Поезд довез их прямо до родного села, но женщину и детей встречала унылая действительность из обугленных печных труб, оставшихся от сгоревших домов, а люди, вернувшиеся в деревню, жили в землянках.
– Когда немцы только подходили к Дубровке, мама собрала в сундучок платки и отрезы и закопала в огороде, – рассказывает наша собеседница. – Когда же попыталась найти его, оказалось, что искать нечего – все давно уже вырыли фашисты…
Горькая статистика
Отец Марии Ильиничны пришел со службы через год после Победы. Как и миллионы людей Страны Советов, они с женой строили светлое будущее. После войны в семье появилось еще пятеро детишек – и все мальчишки. Ребятня выросла, окончила школы, училища, вузы, устроилась на работу, обзавелась семьями. При этом о своем прошлом, проведенном в плену у немцев, ни Анна Андреевна, ни ее дочки никому не рассказывали, потому что беда продолжала жить с ними и дальше.
В те годы считалось, что оказавшиеся в плену боролись не до последней капли крови. А вернуть свое доброе имя на фоне миллионов погибших и замученных было подчас просто невозможно, потому что трагедии, которые пережили маленькие жертвы фашизма, не принимались во внимание. И никому не было дела, что миллионы безоружных женщин и желторотых детей попадали в руки гитлеровских нелюдей, потому что защитить их было некому.
Об узниках гитлеровских лагерей, гетто и других мест принудительного содержания, созданных фашистами и их союзниками в годы Великой Отечественной вой¬ны, заговорили лишь в начале 90-х годов.

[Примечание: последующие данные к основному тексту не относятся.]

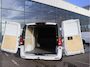 Mercedes-Benz Vito 116 CDI L3 Pro | AIRCO/NAVI/CAMERA/CRUISE | Certified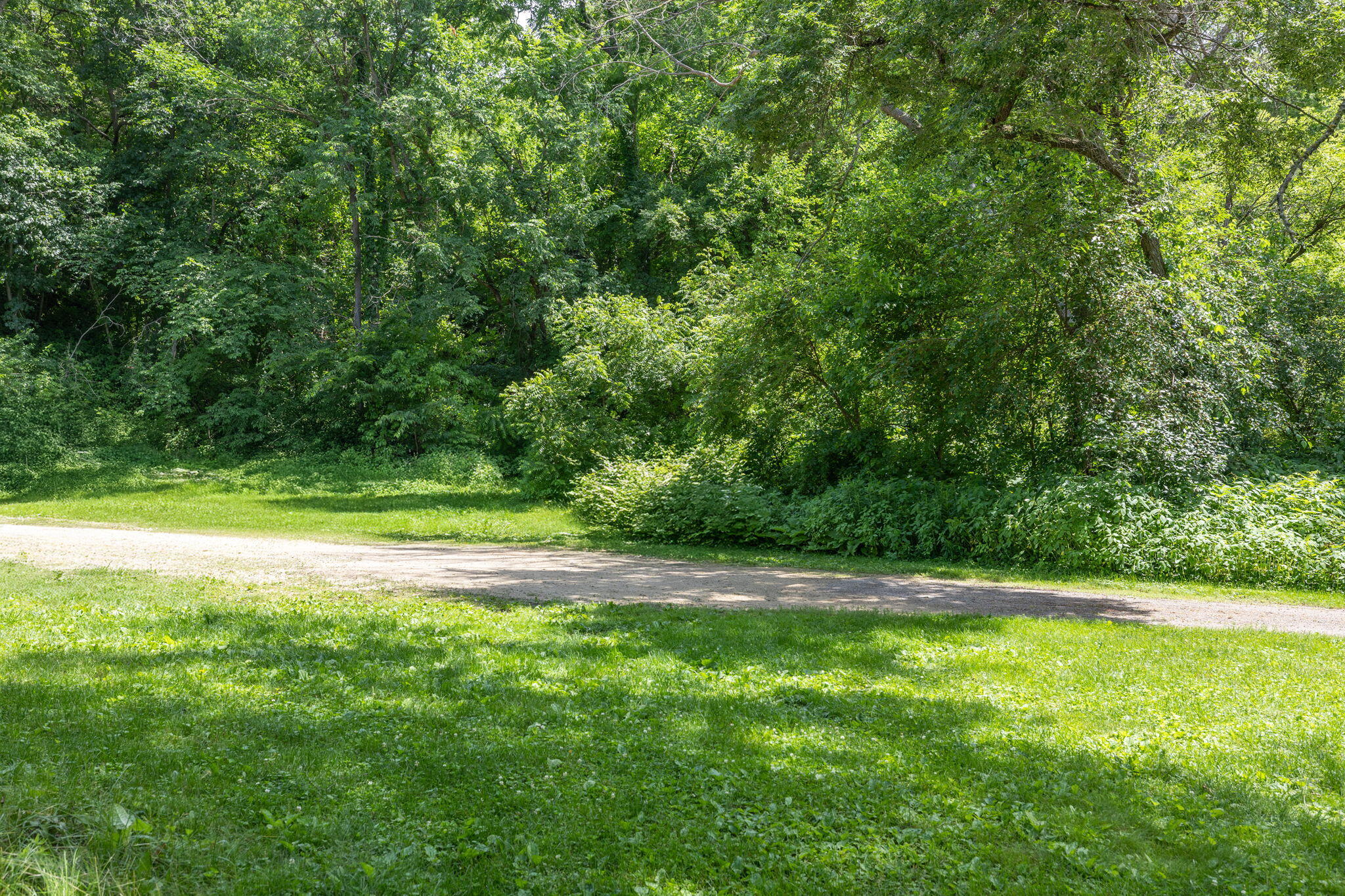 E590 Mundsack Road Genoa, WI 54632 - Photo 26 of 30 23-web-or-mls-Mundsack Rd II-15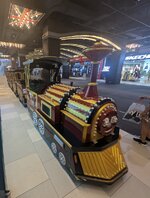 PXL_20250717_061558837~2.jpg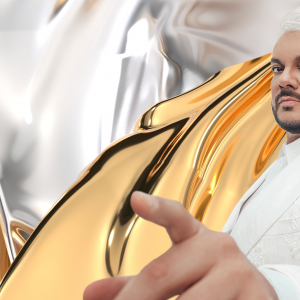 Концерт Филиппа Киркорова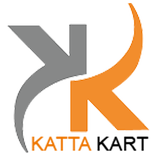 Kattakart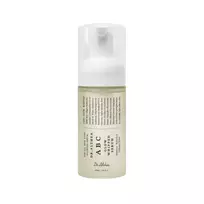 Dr. Althea ABC Glow Whipped Serum putojantis veido serumas 100ml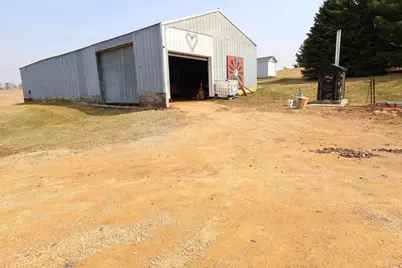 6460 Dutch Hollow Road, Potosi,  53820 - Photo 33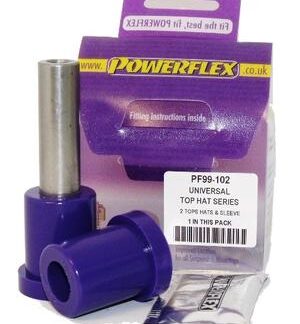 <h2>Vehicle Fitments</h2>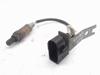 Sonda Lambda Sensor De Oxigeno Para Catalizador 6K0906265 VAG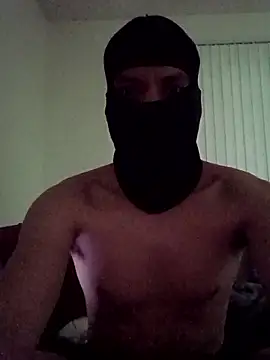 Edulalo199 online show from March 19, 2026, 4:05 am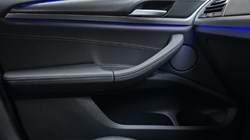 2023 (73) BMW X3 xDrive20i MHT M Sport 5dr 4847603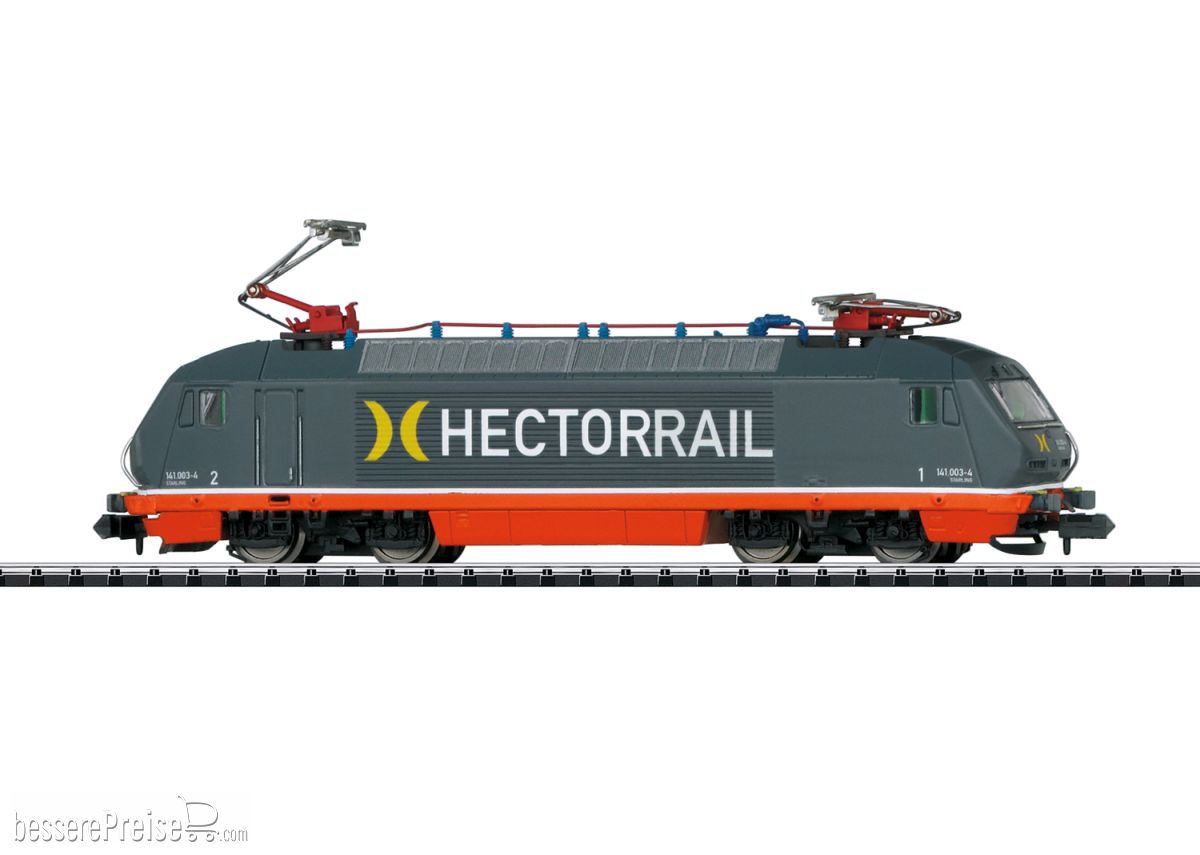 Trix T16991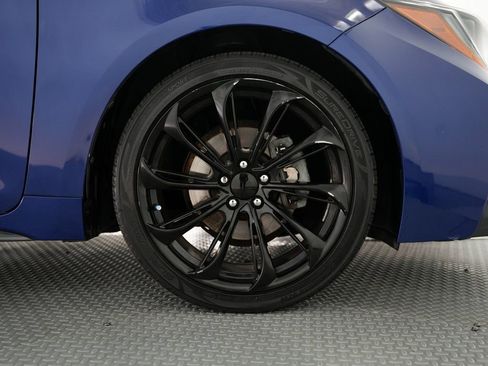 Used 2021 Toyota Corolla SE image 52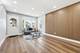 3221 N Opal, Chicago, IL 60634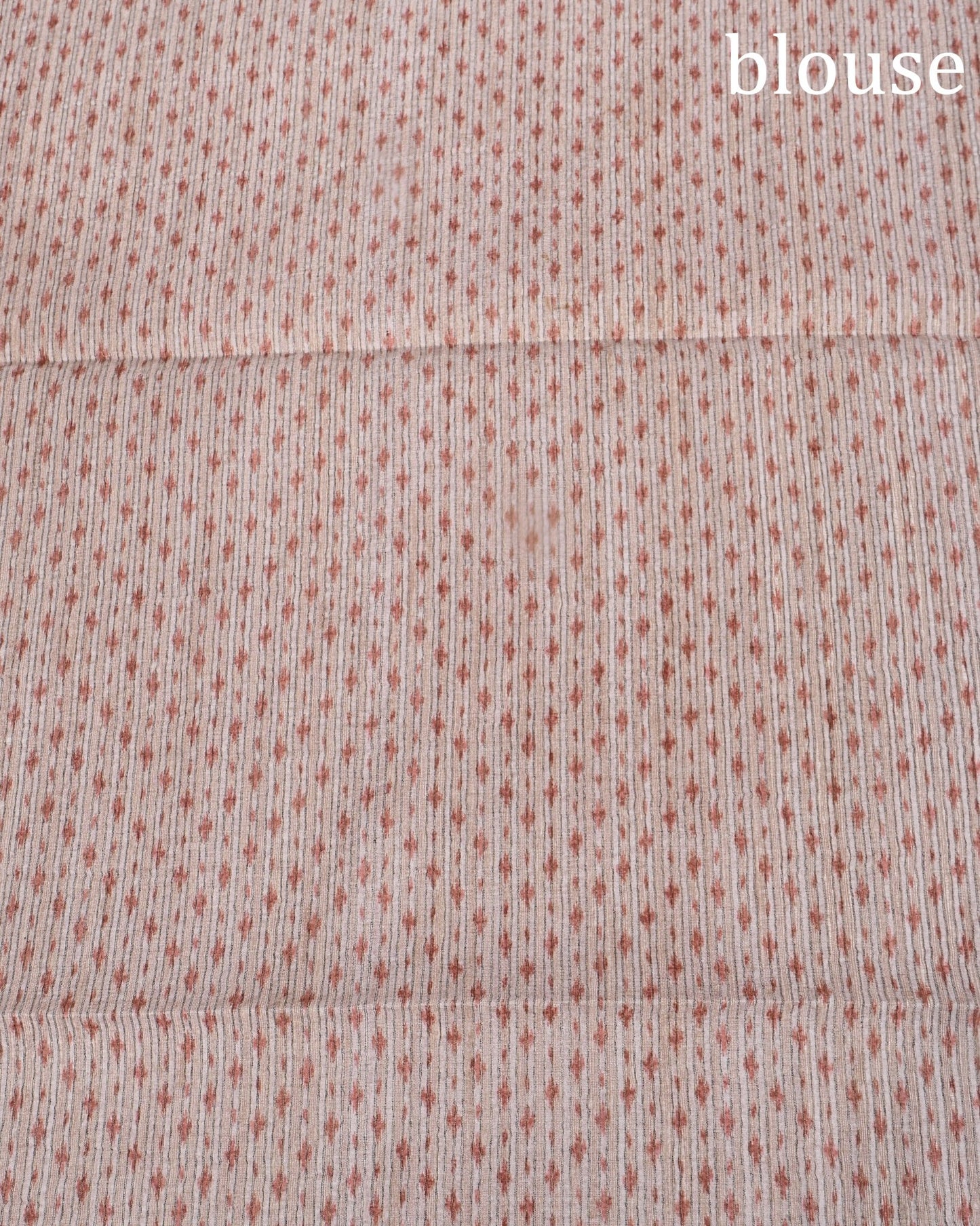 printed saree - Shop Vastram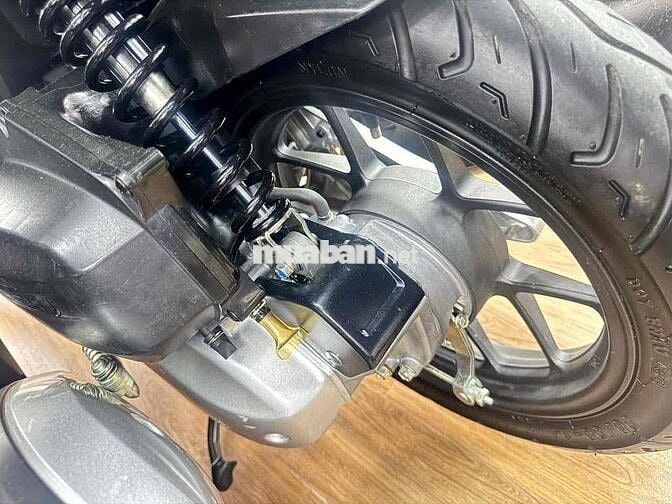 anh em cứ đến xem trực tiếp thích thì mình nhích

Тогда еще жива была мама Марии Ильиничны. И несколько раз они вместе ездили туда, куда страшно было возвращаться даже в мыслях спустя многие годы, хотя ни бараков, ни колючей проволоки уже не осталось.
Чтобы обрести заслуженные льготы, женщинам пришлось разыскивать своих подруг и друзей по несчастью. Но не все готовы были подтвердить, что вместе лежали на нарах в немецких бараках. Да и отношения между некогда братскими народами были уже не те. Чаще всего в ответ слышали: «Нет, пани, мы не будем подписывать никаких бумаг».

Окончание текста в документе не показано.